Wednesday, March 25, 2015

Cosmic Rays

Why do we study cosmic rays?

Earth based accelerators, cannot give us all the reasons behind particle interactions. I remember that my UCSB thesis advisor, Robert L. Sugar told me in 1973, to look into the expanding proton phenomenon.  Cosmic ray physics had shown us, that the probability for protons to collide INCREASES, as the energy increases beyond certain point. I was, and still am, very intrigued.

 
Taken from arXiv

Without cosmic ray observations we would've not known that. In fact the probability for two protons to collide DECREASED with energy, up to certain energies.

The results of my research are here.

The first job in my life, was  as a laboratory assistant, at the Mexican Nuclear Energy Commission in 1970. I was then a senior, at the department of Communications, and Electronics Engineering, at Escuela Superior de Ingeniería Mecánica y Eléctrica, of the Instituto Politécnico Nacional (IPN) in Mexico City. I worked at the Plasma Physics Laboratory. My boss, Mario Vázquez Reyna, under the direction of Manuel Sandoval Vallarta, a pioneer in Cosmic Ray Physics in Mexico, had built electronic detectors. I studied plasma magnetic confinement at the laboratory. During that year, I decided to study Physics instead of electronics. I did not want to build detectors for others, I wanted to propose the needed observations, to prove ideas in Physics.

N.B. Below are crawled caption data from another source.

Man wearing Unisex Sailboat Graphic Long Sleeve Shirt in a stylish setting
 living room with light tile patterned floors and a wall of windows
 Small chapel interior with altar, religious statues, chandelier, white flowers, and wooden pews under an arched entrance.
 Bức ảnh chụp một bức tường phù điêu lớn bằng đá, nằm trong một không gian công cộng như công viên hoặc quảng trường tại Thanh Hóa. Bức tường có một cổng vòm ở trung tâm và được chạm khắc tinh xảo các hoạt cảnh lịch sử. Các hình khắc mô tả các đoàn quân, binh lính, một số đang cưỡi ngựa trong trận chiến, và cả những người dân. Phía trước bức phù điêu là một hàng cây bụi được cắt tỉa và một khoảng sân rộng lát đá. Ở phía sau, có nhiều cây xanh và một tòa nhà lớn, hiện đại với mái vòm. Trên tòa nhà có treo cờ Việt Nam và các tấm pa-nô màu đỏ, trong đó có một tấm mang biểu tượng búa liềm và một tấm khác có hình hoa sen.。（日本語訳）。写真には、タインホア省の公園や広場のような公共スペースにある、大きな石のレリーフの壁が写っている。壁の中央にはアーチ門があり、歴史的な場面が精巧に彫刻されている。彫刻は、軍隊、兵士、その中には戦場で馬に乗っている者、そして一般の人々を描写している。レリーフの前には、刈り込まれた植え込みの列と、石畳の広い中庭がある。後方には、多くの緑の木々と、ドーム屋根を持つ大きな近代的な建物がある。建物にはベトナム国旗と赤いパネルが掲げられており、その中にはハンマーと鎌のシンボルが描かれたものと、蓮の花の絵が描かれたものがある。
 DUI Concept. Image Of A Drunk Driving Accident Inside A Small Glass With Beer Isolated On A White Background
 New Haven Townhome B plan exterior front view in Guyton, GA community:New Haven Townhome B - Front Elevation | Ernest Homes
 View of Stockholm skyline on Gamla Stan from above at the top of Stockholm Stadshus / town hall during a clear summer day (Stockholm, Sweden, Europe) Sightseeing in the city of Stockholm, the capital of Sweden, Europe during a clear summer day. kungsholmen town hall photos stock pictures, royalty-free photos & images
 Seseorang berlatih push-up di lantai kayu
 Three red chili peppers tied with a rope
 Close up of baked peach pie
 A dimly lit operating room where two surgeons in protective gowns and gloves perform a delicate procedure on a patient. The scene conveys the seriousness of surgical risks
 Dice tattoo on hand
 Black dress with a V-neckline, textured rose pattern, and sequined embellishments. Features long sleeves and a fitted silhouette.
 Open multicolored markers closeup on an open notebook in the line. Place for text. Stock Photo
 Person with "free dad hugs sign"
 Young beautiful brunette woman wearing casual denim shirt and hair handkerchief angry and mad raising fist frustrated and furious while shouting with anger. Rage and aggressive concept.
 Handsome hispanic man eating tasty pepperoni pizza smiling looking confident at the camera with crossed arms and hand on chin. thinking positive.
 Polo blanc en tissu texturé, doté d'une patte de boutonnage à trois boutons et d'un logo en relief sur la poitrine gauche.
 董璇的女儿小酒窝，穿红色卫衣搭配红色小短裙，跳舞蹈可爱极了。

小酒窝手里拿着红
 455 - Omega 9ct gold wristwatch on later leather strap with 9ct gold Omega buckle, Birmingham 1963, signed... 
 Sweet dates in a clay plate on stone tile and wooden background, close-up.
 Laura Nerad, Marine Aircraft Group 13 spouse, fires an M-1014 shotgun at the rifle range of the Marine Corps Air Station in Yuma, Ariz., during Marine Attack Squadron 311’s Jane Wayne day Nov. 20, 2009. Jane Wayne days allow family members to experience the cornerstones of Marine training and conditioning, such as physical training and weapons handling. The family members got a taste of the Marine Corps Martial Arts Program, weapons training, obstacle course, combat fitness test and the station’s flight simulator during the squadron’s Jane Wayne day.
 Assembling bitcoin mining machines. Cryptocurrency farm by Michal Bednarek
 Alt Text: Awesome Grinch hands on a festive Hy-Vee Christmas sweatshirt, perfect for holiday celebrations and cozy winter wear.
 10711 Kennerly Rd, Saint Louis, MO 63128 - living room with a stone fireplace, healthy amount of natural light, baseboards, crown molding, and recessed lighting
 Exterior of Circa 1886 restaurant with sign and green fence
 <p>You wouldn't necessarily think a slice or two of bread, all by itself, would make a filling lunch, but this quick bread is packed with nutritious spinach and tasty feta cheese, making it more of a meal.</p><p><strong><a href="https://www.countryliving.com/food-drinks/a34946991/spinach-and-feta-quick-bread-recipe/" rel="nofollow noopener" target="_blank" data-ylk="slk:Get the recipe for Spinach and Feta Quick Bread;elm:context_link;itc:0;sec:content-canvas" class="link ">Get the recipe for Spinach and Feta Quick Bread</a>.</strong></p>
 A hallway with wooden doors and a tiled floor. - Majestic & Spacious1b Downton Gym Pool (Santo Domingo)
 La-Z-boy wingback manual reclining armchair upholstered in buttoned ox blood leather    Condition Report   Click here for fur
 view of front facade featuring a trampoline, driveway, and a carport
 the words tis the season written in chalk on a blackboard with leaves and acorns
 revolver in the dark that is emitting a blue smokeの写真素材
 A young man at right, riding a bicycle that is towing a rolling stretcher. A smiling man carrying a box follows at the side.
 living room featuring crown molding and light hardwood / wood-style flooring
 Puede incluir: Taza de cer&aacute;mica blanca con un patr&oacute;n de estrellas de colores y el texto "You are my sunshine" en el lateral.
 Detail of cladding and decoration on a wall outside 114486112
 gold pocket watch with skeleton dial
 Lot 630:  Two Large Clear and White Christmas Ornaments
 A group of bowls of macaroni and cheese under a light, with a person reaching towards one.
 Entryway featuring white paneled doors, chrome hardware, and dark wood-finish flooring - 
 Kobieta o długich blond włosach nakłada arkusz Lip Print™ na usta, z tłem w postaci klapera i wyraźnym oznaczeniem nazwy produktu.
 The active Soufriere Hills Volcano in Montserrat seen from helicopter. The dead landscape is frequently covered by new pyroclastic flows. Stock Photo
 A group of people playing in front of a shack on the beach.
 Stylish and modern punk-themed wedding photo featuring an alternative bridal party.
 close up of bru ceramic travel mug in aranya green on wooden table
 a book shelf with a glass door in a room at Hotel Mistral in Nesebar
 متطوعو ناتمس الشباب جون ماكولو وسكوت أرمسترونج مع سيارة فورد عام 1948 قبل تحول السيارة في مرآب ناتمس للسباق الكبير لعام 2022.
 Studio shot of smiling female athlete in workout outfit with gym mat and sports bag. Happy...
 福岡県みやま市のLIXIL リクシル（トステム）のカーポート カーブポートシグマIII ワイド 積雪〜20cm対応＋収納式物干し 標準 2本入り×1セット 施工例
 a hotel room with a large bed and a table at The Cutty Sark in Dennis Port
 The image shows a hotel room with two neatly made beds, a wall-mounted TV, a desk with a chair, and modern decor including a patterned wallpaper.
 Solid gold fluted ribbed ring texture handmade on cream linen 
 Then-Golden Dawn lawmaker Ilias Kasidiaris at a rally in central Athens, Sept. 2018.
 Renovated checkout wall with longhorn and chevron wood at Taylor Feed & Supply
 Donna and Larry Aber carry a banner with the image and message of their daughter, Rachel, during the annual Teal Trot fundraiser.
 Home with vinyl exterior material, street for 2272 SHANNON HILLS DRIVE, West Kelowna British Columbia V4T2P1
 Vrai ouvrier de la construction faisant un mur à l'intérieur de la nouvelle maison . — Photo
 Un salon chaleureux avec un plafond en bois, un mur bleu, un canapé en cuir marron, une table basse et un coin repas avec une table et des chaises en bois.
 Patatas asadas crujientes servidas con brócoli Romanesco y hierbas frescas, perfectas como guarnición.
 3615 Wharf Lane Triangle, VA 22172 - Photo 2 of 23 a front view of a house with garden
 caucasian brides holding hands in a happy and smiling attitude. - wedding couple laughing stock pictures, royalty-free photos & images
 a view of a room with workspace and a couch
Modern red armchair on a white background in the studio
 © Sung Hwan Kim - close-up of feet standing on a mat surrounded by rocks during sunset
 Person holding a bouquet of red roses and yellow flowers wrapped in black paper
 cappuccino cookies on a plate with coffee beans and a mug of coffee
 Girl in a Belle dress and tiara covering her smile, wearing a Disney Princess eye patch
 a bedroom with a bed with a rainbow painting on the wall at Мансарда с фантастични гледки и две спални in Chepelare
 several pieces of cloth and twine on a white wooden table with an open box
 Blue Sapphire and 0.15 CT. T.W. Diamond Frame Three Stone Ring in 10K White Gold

The opportunity came along, in the field of cosmic rays, with the invitation to join the Pierre Auger Observatory in 1994. I was on a sabbatical leave from the Autonomous University of Puebla, at the Fermi National Laboratory in Batavia, Illinois, My professor Arnulfo Zepeda Domínguez, was invited, by the Nobel laureate James Cronin, from the University of Chicago, to join this international collaboration; and professor Zepeda invited me. The university in Puebla had very good conditions to join this effort. I was working at the Escuela de Ciencias Físco Matemáticas, which was started by professor Luis Rivera Terrazas, precisely to join  international efforts in modern physics. There were  Physics, Mathematics, Electronics, and Computer Science departments.

As soon as I went back to Puebla, I talked with my friend Alberto Cordero Dávila. With his experience at the Instituto Nacional de Astrofísica Óptica y Electrónica in the nearby town of Tonantzintla, he immediately proposed the kind of instrument to use for the light collecting part of the observatory, the Schmidt Camera, which was adopted by the collaboration.

There is a surface detector part of the Auger Observatory, working together with the optical one mentioned above. Here my friend, Humberto Salazar Ibargüen, took the initiave. Professor Salazar obtained his Ph.D. working at the General Relativity Group of professor Jerzy Plebanski, at the Centro de Investigación y de Estudios Avanzados of IPN. He addressed the many technical problems, to build water tank detectors, with Cherenkov phototubes.

Eventually this work led to its inclusion, in the list of top ten best science breakthroughs of 2007 in Science Magazine.

I am happy to report news: There is a  a bigger step forward for Mexican Cosmic Ray Physics, which owes a lot to my friend Humberto.

The HAWC experiment is actually in Puebla.

We can read from the link above.

The High Altitude Water Cherenkov Experiment or High Altitude Water Cherenkov Observatory (also known as HAWC) is a gamma-ray observatory located on the flanks of the Sierra Negra volcano in the Mexican state of Puebla at an altitude of 4100 meters, at 18°59′41″N 97°18′30.6″W. HAWC is the successor to the Milagro gamma-ray observatory in New Mexico, which was also a gamma-ray observatory based around the principle of detecting gamma-rays indirectly using the water Cherenkov method.

I am humbled by the work done by my friends in Mexico.

Arnulfo Zepeda told me that Manuel Sandoval Vallarta, conveyed to him, his wish, that Cosmic Ray Physics in Mexico must continue.

Professor Eduardo Piña Garza spent some time with us at Puebla. He had studied the motion of electrically charged particles in the Earth's magnetic field; continuing the work of Carlos Graef Fernández. I can attest to the high caliber of professor Piña, because I was fortunate to publish an article with him.

Mario Vázquez Reyna, and Manuel Sandoval Vallarta, would've been as happy as I am, for the Mexican contribution to Cosmic Ray Physics.